• **YOUR TASK**
Reproduce each line of the material exactly, minus any picture.

• **EXERCISE DATA**
··········
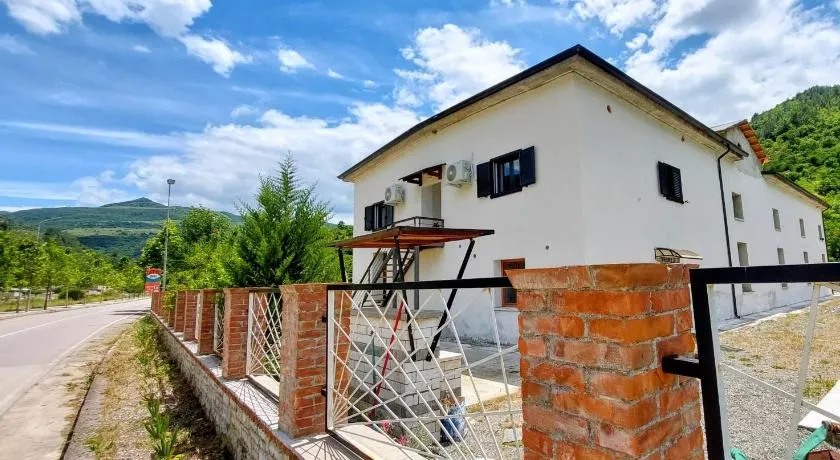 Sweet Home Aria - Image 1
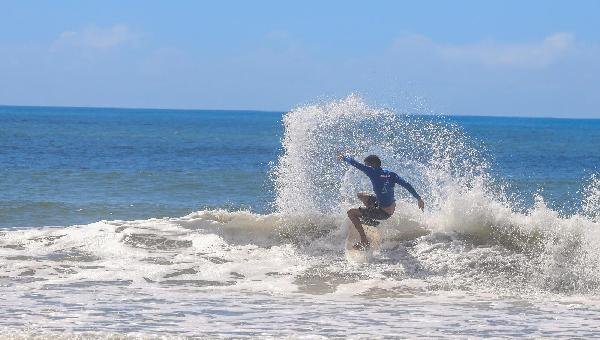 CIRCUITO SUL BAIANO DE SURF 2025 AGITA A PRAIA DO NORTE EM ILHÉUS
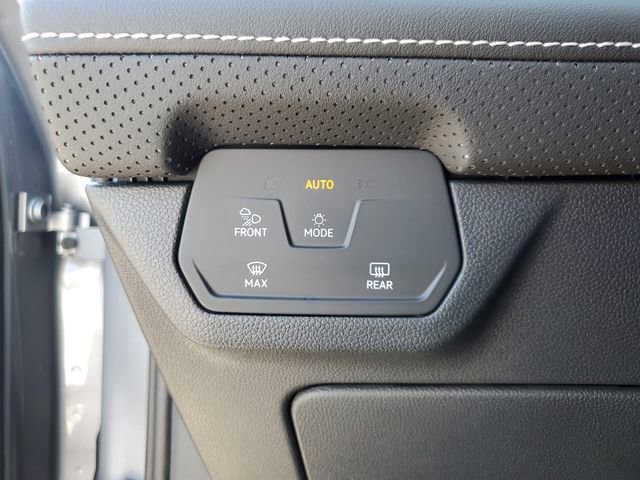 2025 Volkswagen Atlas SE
··········
• **EXERCISE ANSWER**
 Sweet Home Aria - Image 1
 CIRCUITO SUL BAIANO DE SURF 2025 AGITA A PRAIA DO NORTE EM ILHÉUS
 2025 Volkswagen Atlas SE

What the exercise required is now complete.